[Stored data]
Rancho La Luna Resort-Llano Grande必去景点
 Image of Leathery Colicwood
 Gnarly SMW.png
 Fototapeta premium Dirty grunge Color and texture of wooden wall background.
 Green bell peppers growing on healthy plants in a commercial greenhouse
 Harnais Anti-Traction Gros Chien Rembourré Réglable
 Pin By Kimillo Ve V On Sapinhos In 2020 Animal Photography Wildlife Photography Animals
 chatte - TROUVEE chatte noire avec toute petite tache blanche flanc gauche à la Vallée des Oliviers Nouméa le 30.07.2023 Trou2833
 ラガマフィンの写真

==

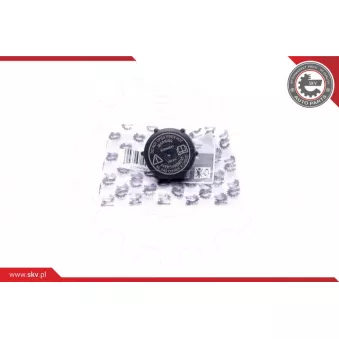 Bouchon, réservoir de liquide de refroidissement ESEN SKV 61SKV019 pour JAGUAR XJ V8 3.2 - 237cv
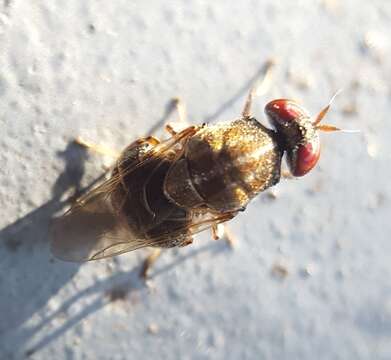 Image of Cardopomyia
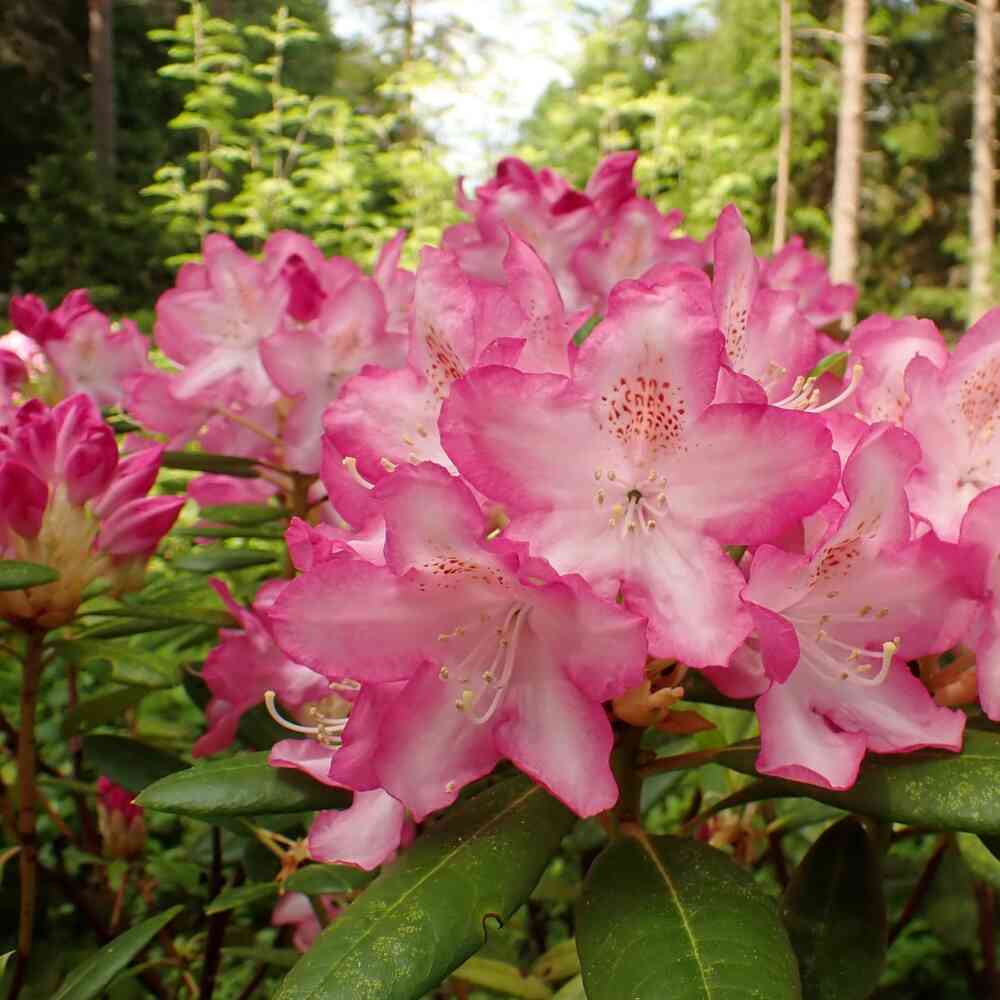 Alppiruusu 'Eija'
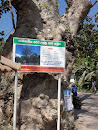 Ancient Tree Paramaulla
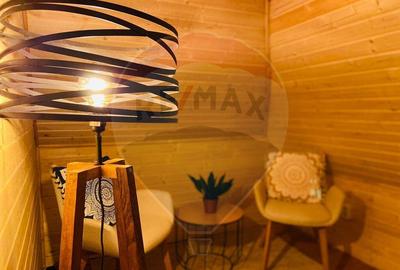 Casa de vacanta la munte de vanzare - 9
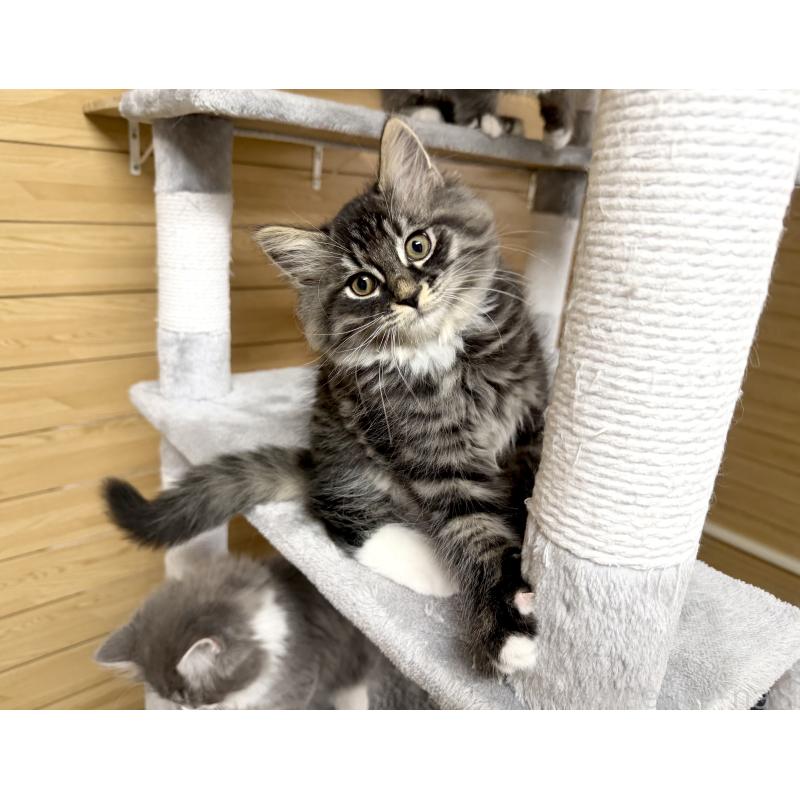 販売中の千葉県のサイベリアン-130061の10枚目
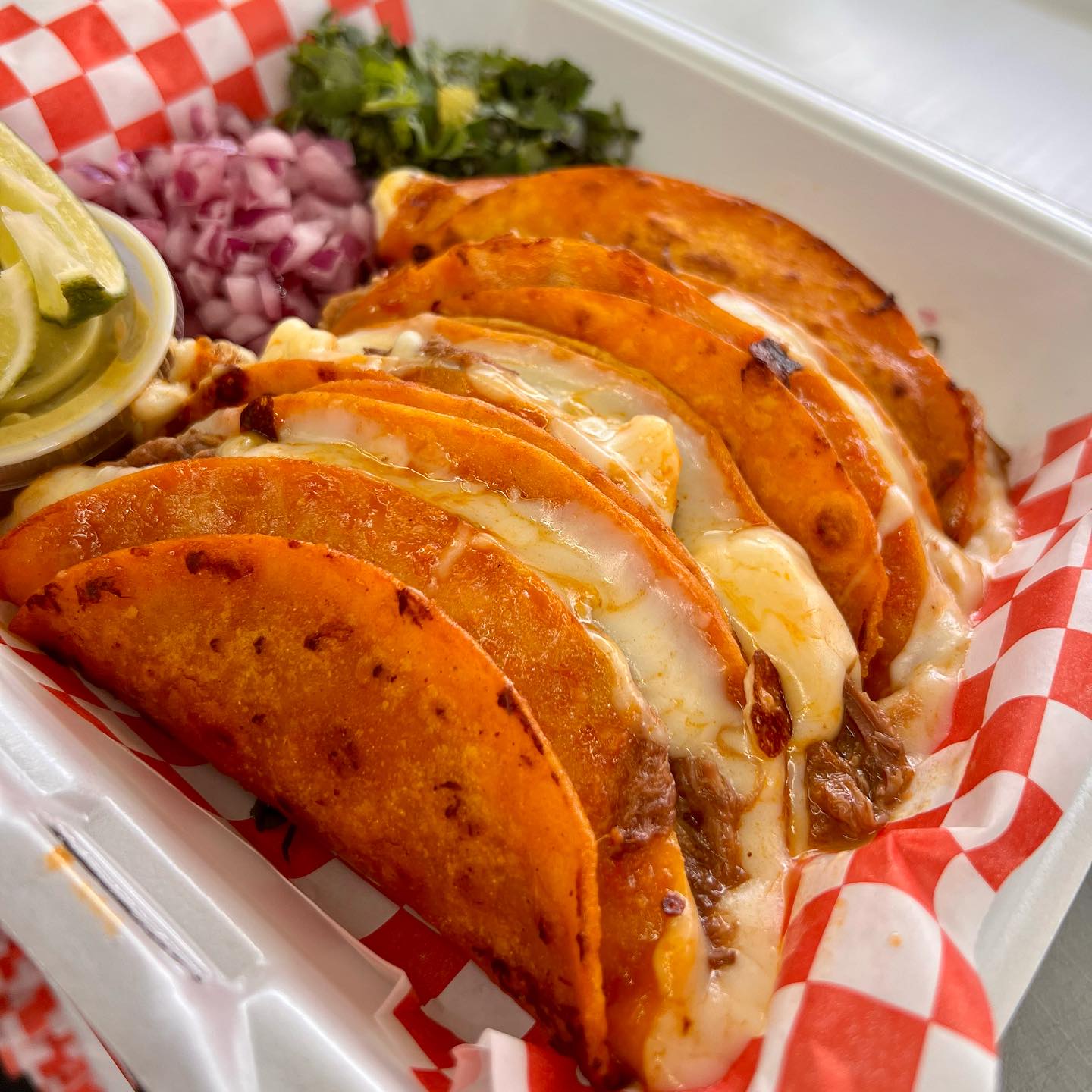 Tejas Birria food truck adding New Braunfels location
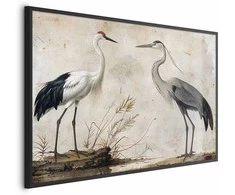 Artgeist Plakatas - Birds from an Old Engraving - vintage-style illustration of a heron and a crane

*What you have to do*: Treat the line with "Image of Cardopomyia" as the start and the line with "Artgeist Plakatas - Birds" as the end, and return exactly that span of the data above, both ends included, without pictures.

*Response below*:
 Image of Cardopomyia
 Alppiruusu 'Eija'
 Ancient Tree Paramaulla
 Casa de vacanta la munte de vanzare - 9
 販売中の千葉県のサイベリアン-130061の10枚目
 Tejas Birria food truck adding New Braunfels location
 Artgeist Plakatas - Birds from an Old Engraving - vintage-style illustration of a heron and a crane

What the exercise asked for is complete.